| Records |

╔══

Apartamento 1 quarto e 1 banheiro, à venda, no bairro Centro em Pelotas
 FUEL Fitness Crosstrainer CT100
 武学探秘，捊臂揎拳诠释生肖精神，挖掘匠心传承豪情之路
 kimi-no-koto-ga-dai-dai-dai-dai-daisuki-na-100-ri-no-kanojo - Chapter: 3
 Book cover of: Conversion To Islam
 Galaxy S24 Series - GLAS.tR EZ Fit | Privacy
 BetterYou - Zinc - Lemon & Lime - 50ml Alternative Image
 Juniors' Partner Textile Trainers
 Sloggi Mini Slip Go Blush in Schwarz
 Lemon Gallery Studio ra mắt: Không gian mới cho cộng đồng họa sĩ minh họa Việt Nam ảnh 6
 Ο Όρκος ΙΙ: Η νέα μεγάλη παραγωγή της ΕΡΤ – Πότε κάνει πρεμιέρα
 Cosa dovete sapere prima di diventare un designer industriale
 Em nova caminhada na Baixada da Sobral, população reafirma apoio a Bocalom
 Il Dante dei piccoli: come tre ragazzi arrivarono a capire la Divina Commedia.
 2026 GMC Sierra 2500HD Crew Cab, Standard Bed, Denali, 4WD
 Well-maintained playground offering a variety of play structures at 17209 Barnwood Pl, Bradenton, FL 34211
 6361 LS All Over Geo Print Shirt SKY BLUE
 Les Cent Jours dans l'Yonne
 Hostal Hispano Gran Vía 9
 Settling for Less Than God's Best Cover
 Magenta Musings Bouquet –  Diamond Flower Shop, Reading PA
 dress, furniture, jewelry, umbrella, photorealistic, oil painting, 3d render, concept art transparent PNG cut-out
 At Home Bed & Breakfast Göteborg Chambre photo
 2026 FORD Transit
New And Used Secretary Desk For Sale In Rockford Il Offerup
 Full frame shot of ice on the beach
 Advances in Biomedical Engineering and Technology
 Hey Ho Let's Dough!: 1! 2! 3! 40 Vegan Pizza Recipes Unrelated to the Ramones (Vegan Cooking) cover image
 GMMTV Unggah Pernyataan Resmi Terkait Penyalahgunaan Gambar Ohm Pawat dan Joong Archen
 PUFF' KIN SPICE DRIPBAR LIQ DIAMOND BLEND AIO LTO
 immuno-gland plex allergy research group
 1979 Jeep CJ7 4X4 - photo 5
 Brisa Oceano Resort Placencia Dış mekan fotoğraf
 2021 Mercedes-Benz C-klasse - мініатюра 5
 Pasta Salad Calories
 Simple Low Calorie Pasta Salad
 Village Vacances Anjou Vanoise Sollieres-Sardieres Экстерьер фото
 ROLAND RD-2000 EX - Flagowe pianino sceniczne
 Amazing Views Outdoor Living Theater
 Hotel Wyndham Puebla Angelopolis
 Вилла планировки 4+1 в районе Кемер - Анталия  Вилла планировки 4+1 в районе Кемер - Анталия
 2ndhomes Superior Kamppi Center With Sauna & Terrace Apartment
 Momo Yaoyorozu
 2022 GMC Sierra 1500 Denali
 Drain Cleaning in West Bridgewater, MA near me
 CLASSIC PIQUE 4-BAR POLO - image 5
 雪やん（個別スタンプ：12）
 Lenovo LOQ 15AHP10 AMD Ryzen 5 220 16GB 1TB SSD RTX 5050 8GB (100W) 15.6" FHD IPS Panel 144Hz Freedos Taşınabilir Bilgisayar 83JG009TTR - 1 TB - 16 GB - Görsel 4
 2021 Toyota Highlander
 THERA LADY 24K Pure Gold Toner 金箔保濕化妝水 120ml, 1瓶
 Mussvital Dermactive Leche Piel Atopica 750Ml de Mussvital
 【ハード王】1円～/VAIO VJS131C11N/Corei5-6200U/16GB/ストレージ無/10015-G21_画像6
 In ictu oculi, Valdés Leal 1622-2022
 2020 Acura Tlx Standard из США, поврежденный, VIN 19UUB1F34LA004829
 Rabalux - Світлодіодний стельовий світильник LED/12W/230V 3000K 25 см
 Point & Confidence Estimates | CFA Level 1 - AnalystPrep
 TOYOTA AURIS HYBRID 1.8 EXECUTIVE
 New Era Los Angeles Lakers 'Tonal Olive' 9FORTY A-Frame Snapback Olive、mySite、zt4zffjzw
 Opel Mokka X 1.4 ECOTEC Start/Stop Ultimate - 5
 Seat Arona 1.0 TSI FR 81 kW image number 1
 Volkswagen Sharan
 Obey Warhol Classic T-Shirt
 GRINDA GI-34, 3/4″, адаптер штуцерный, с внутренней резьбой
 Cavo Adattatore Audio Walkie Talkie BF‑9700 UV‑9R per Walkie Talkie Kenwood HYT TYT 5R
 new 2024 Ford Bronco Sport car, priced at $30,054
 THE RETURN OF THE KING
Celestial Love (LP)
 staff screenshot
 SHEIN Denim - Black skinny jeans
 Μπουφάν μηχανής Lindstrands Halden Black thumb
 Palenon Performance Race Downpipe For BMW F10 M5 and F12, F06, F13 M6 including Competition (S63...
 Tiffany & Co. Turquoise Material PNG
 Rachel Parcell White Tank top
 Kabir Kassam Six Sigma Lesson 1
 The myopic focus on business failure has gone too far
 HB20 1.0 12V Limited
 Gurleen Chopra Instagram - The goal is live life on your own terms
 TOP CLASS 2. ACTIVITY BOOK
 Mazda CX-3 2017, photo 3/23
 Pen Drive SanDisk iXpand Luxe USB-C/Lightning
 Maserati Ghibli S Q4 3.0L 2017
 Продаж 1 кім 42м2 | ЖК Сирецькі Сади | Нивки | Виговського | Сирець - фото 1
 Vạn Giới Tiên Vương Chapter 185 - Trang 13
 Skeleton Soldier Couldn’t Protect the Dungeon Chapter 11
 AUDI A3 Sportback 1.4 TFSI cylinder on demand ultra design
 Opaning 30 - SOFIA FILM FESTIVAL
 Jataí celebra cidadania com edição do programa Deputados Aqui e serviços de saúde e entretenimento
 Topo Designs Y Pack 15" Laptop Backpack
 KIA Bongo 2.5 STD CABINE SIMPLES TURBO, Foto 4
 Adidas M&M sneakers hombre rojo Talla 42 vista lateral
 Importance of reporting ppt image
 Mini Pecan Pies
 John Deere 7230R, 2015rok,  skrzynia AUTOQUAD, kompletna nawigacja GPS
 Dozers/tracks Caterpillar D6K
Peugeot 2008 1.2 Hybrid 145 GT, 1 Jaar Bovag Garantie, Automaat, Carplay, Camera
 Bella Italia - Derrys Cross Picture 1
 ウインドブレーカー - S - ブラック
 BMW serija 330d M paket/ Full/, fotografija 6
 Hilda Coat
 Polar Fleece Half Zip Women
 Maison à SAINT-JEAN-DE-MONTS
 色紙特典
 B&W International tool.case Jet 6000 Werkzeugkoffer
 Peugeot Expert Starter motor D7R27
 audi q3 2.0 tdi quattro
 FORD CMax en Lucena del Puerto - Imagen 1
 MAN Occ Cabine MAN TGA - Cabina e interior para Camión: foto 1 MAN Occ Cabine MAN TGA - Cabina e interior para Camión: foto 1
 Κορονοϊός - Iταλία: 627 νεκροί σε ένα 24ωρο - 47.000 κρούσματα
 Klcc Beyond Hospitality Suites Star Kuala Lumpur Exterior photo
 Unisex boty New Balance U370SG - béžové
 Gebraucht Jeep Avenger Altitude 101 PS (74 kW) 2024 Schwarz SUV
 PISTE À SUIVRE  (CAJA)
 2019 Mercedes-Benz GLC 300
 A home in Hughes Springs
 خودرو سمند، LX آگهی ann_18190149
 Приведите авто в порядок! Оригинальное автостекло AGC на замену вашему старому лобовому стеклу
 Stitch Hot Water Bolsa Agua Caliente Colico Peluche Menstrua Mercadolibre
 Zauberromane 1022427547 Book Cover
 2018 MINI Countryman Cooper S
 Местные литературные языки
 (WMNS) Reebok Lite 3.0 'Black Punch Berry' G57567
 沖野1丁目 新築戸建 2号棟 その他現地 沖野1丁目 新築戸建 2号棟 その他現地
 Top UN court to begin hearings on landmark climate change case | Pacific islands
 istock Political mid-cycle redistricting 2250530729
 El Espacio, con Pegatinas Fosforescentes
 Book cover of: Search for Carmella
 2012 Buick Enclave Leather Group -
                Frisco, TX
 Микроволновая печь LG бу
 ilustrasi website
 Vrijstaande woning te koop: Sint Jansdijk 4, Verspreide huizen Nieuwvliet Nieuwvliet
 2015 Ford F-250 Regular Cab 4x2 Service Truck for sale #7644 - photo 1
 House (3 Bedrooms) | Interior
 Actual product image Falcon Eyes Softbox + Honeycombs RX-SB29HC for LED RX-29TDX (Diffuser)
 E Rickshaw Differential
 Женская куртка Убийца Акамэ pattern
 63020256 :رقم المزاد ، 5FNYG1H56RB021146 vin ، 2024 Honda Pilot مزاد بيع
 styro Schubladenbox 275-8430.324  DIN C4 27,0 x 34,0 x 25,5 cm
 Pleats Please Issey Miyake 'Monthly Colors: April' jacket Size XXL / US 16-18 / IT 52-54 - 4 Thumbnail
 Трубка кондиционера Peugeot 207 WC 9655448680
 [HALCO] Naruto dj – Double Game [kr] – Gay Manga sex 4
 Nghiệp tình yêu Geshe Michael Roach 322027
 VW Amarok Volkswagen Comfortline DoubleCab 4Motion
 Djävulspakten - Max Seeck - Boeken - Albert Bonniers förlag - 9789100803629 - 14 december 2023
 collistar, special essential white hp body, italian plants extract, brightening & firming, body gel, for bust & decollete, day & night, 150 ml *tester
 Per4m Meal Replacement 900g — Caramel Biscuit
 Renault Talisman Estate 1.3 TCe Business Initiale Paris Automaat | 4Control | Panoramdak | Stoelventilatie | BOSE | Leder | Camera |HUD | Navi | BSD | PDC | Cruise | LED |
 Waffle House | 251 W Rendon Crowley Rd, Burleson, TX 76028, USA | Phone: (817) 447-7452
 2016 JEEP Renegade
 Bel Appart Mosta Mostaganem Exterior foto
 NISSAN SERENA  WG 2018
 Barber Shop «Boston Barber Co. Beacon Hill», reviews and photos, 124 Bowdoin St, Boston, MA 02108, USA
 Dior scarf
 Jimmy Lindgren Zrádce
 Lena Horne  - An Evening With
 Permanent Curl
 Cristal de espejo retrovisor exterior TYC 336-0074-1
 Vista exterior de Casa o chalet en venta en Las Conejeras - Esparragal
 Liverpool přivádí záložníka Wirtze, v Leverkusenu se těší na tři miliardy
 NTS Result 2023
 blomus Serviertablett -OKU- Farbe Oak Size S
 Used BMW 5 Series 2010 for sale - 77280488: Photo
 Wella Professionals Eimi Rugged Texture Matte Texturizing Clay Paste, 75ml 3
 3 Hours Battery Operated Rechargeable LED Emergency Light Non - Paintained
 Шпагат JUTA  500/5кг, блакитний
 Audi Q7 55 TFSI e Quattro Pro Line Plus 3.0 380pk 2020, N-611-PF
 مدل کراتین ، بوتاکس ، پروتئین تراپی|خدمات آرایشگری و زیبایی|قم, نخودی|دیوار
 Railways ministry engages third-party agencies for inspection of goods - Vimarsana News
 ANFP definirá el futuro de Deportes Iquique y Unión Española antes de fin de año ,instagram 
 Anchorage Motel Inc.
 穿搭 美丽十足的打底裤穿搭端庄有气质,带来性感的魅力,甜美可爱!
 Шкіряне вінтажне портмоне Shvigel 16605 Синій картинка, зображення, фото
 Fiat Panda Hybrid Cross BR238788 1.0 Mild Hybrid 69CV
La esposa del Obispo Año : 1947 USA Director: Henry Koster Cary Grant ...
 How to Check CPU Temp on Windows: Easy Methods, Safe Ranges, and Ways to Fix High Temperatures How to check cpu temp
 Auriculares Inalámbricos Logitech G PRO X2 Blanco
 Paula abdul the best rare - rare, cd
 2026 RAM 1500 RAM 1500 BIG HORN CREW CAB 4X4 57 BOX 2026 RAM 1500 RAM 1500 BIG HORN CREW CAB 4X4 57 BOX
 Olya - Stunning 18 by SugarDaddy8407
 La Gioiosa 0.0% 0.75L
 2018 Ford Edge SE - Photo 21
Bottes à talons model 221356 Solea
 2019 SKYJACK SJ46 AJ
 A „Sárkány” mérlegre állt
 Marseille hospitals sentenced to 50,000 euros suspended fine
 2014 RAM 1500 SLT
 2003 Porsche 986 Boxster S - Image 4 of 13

╚══

| Directions for this task |
Your answer should consist of the lines from the listing that hold the word "Automaat".

| Written response |
Peugeot 2008 1.2 Hybrid 145 GT, 1 Jaar Bovag Garantie, Automaat, Carplay, Camera
 Renault Talisman Estate 1.3 TCe Business Initiale Paris Automaat | 4Control | Panoramdak | Stoelventilatie | BOSE | Leder | Camera |HUD | Navi | BSD | PDC | Cruise | LED |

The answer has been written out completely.